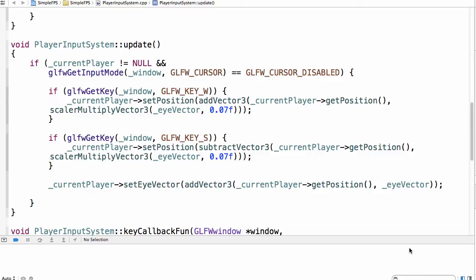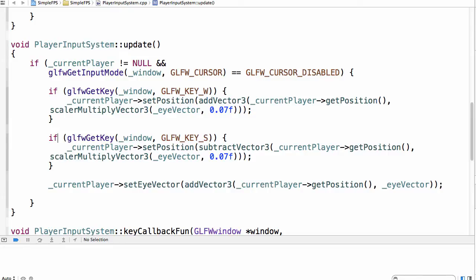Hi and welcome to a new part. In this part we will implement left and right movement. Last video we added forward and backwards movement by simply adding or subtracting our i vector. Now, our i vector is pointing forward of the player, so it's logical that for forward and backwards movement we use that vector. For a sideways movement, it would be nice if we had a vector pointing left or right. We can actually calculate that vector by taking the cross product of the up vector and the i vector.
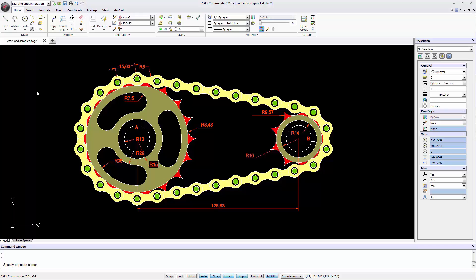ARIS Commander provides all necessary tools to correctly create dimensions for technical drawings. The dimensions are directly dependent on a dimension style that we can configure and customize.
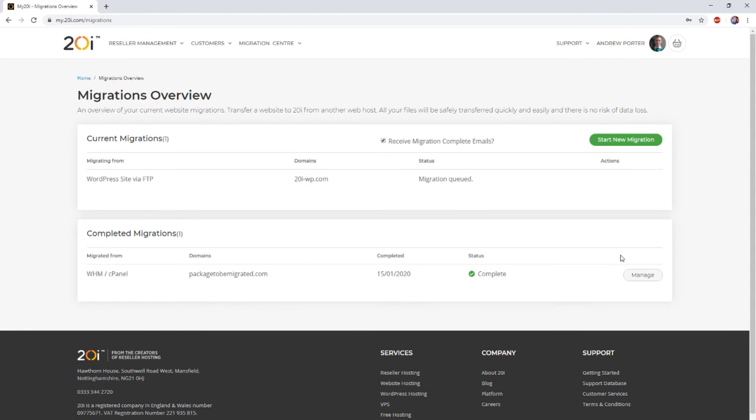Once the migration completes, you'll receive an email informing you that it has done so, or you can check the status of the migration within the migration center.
* * *
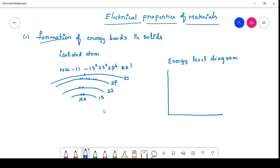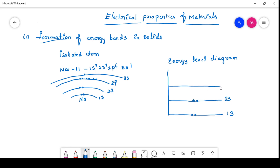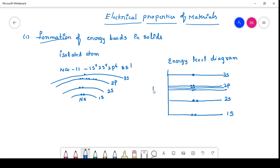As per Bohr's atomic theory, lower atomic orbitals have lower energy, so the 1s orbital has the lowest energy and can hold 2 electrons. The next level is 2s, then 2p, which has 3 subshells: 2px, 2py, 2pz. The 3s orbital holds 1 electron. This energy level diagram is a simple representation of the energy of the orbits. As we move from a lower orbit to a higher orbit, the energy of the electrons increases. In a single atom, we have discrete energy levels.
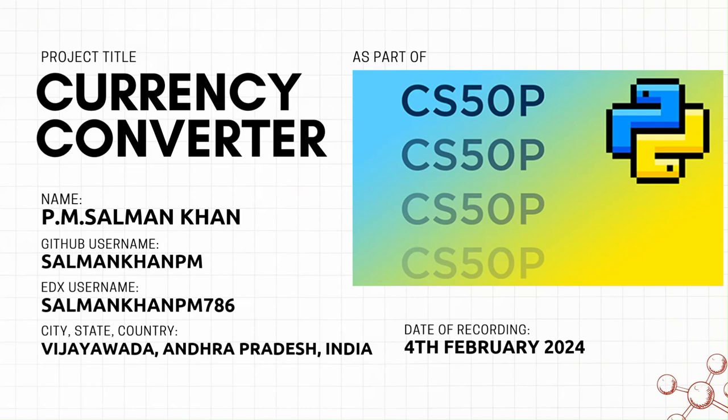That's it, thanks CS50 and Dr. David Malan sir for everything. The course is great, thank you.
* * *
== Task description ==
Above are some entries; copy exactly the lines from the line with "Hi and welcome" through the line with "Once the migration", both included, but none of the pictures.

== Answer to this problem ==
Hi and welcome to a new part. In this part we will implement left and right movement. Last video we added forward and backwards movement by simply adding or subtracting our i vector. Now, our i vector is pointing forward of the player, so it's logical that for forward and backwards movement we use that vector. For a sideways movement, it would be nice if we had a vector pointing left or right. We can actually calculate that vector by taking the cross product of the up vector and the i vector.
ARIS Commander provides all necessary tools to correctly create dimensions for technical drawings. The dimensions are directly dependent on a dimension style that we can configure and customize.
Once the migration completes, you'll receive an email informing you that it has done so, or you can check the status of the migration within the migration center.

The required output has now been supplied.